Monday, May 15, 2017

Americans and Tobacco

From Shannon Selin:
Observing from the visitors’ gallery of the House of Representatives, Mrs. Trollope, like Hodgson, found it
really mortifying to see this splendid hall, fitted up in so stately and sumptuous a manner, filled with men sitting in the most unseemly attitudes, a large majority with their hats on, and nearly all spitting to an excess that decency forbids me to describe. (4)
Even at the White House, “[c]onversation, tea, ice, music, chewing tobacco, and excessive spitting afford[ed] employment for the evening,” according to Henry Bradshaw Fearon, who toured America in 1817-1818. To Fearon’s regret, the practice was not confined to the nation’s capital.
I disapprove most decidedly of the obsequious servility of many London shopkeepers, but I am not prepared to go the length of those in New York, who stand with their hats on, or sit or lie along their counters, smoking segars [cigars], and spitting in every direction, to a degree offensive to any man of decent feelings.
Fearon also complained about the taverns in Louisville, Kentucky, where “there is not a man who appears to have a single earthly object in view, except spitting and smoking segars.” (5) British farmer William Faux was equally “well pleased” to turn his back “on all the spitting, gouging, dirking, duelling, swearing, and staring of old Kentucky.” (6)

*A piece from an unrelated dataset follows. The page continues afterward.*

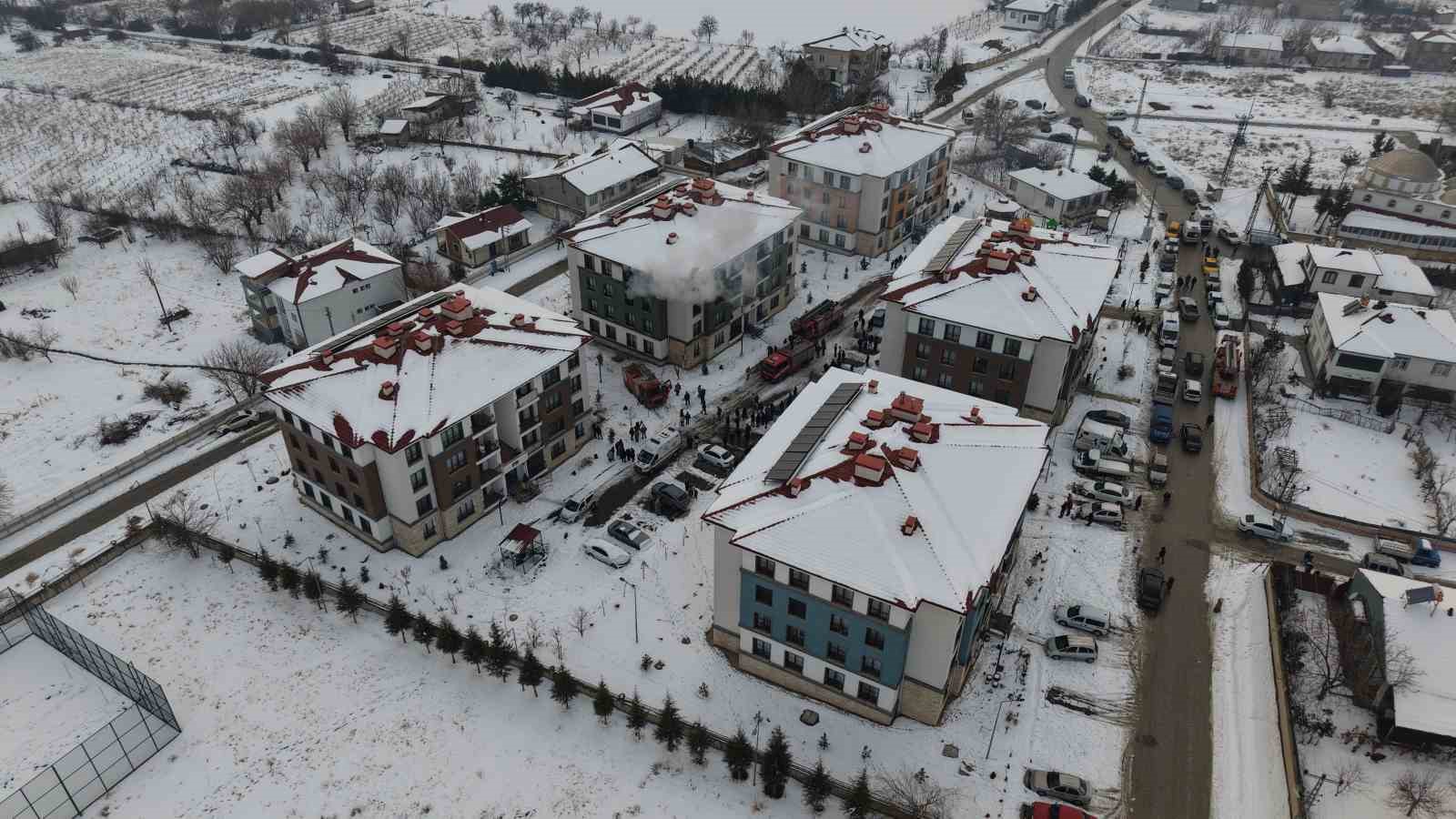 Elazığ’da apartman dairesinde yangın: 11 kişi dumandan etkilendi 5 elazigda apartman dairesinde yangin 11 kisi dumandan etkilendi 1 YnBwqOlY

In Philadelphia, Scottish politician James Stuart lodged in a very good hotel, to which he would have returned, “but for the smoking and chewing of tobacco, which never ceased in the reading-rooms. The chewing and spitting were carried to such a height, that it was difficult to escape from their effects.” (7) (Read more.)

1 comment:

julygirl said...

I can't imagine such gross and filth next only to defecating in public. Nowadays if someone even coughs or hacks without covering their mouths they are considered rude. No wonder there were epidemics!